Das am stärksten verminte Land der Welt liegt in Europa
23. November 2023Billig sind sie, explosiv und tausendfach tödlich, auch nach Jahrzehnten: Minen. Das am stärksten verminte Land der Welt liegt in Europa. Im Ukraine-Krieg spielen Minen eine wichtige Rolle - auf beiden Seiten.Russland hat weite Gebiete des Landes vermint, um die ukrainische Offensive zu verlangsamen. An manchen Stellen der über 1000 Kilometer langen Frontlinie sind die Minenfelder bis zu zehn Kilometer tief. Aber auch die Strategen in Kiew setzen auf Minen, um russische Truppen am Vordringen zu hindern. Zu den von Deutschland an die Ukraine gelieferten Waffen gehören unter anderem Panzerabwehrminen.
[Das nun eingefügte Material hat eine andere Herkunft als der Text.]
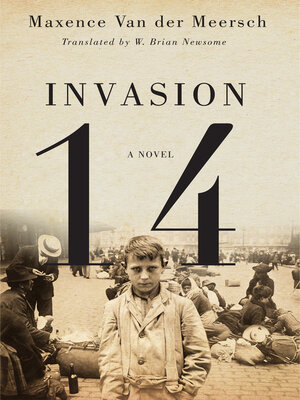 cover image of Invasion 14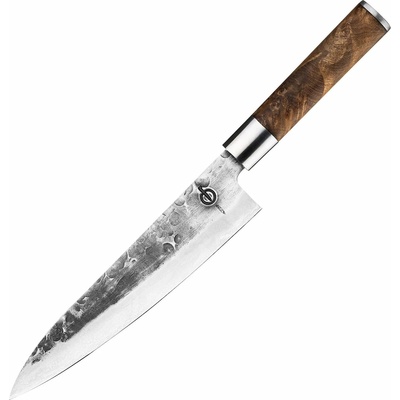 Forged Нож на готвача VG10 20 см, кафяв, Forged (FORGEDSDV624627)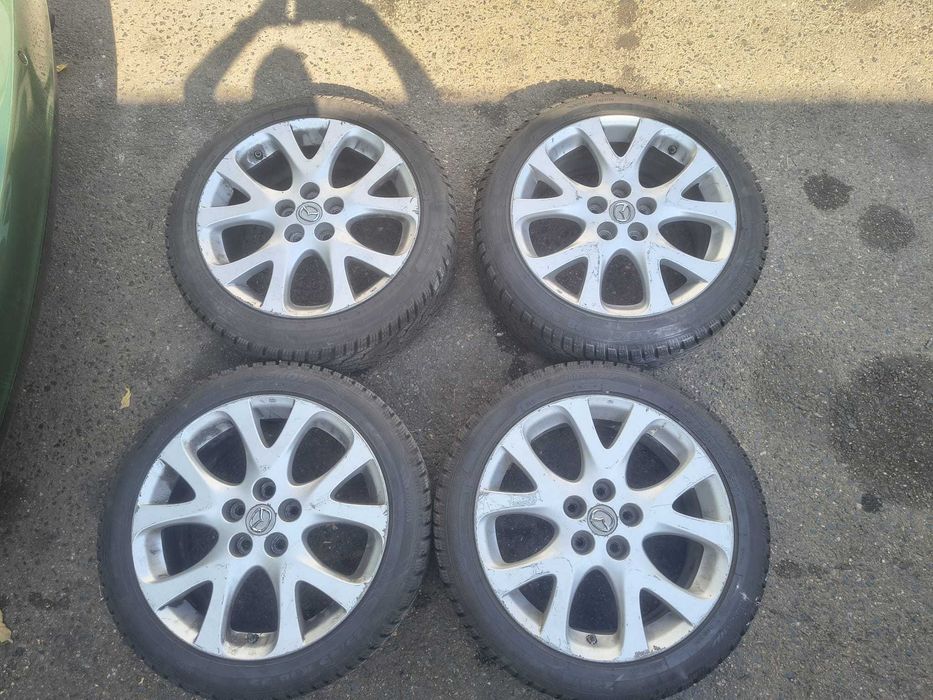 Jante originale R18 Mazda 6 GH GG GJ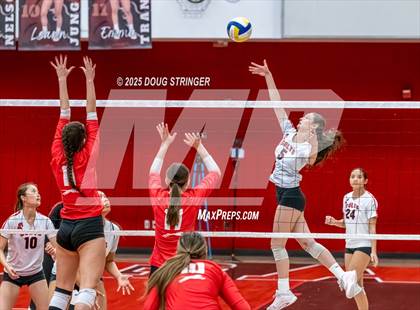 Thumbnail 2 in Carondelet @ James Logan ( CIF NorCal Regional Division 1 First Round) photogallery.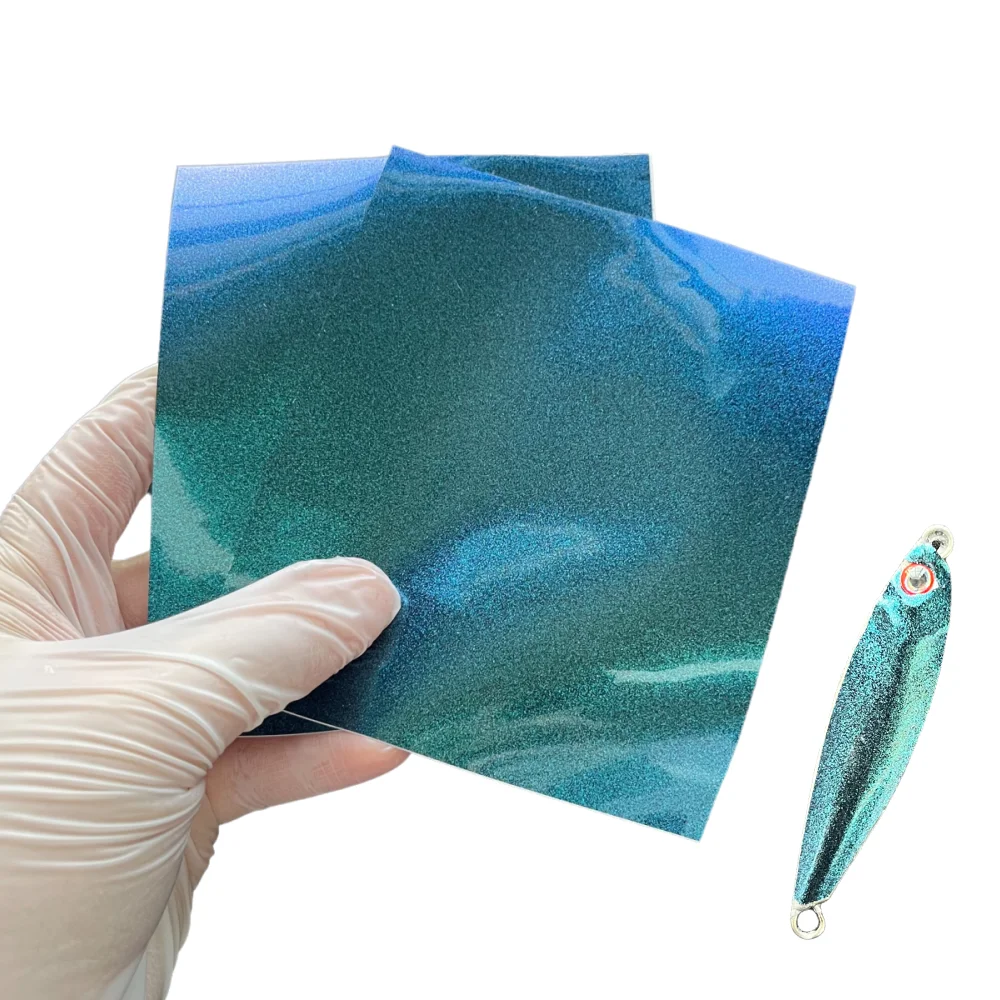 Color Change Green … - image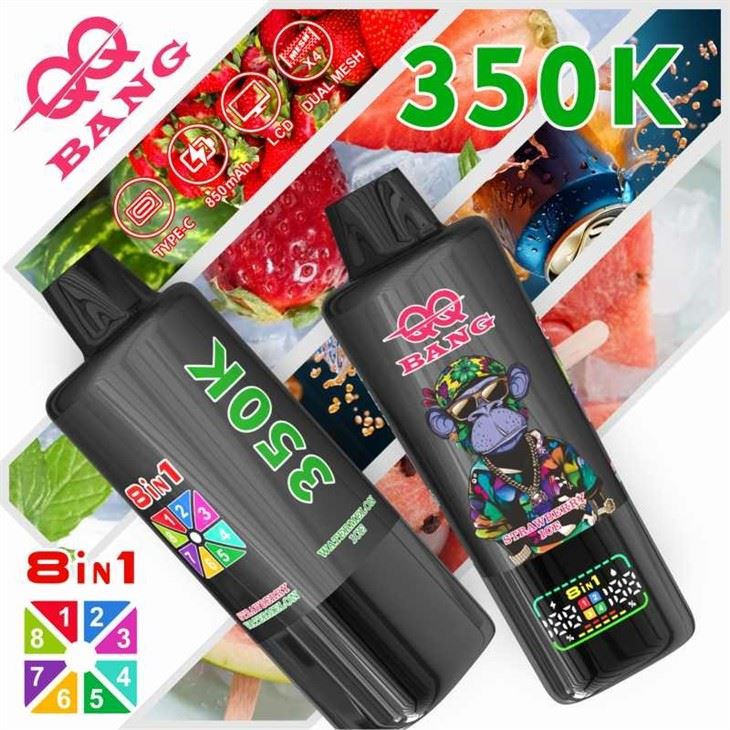 QQ BANG 350K best
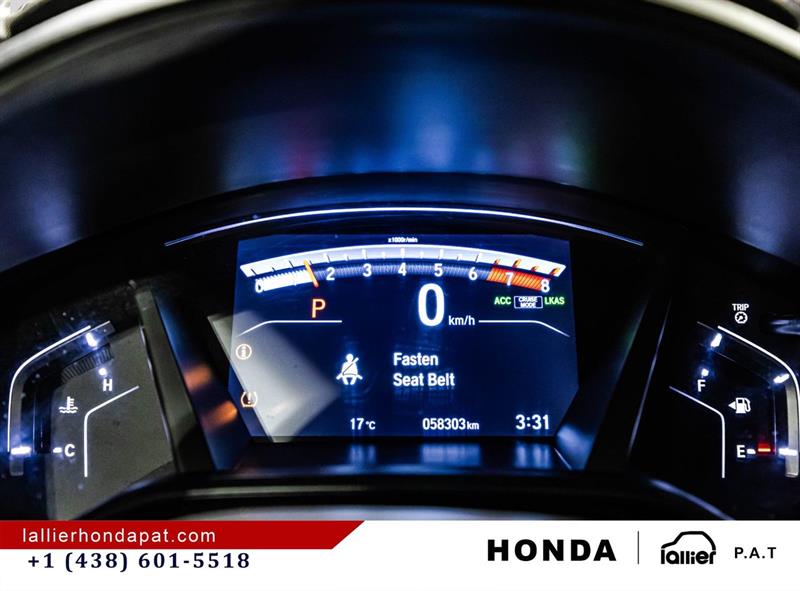 honda CR-V 2020 - 26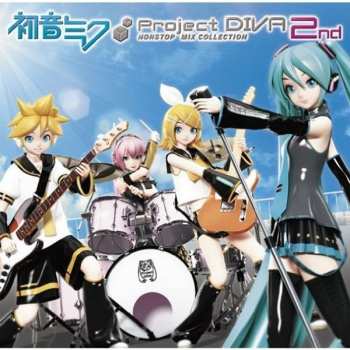Album Various: 初音ミク: Project Diva 2nd Nonstop Mix Collection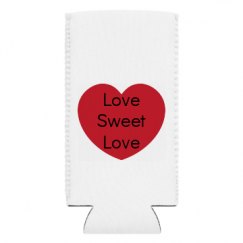 Slim 12 oz Can Cooler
In der Ukraine - bestätigt im DW-Interview Oberst a.D. Wolfgang Richter - seien riesige Minenfelder angelegt worden. "Es handelt sich dabei vorwiegend um Antipanzerminen oder Antifahrzeugminen. Die erschweren das Vorankommen erheblich, denn die Angriffe erfolgen ja nicht nur zu Fuß, sondern man braucht schwere Waffen, man braucht Panzerfahrzeuge, Kettenfahrzeuge zur Unterstützung der Angriffsbewegungen. Und die kommen bei größeren Minenfeldern eben ohne aufwendiges Minenräumen nicht durch", erklärt Ex-Militär Richter, zurzeit Associate Fellow am Genfer Zentrum für Sicherheitspolitik.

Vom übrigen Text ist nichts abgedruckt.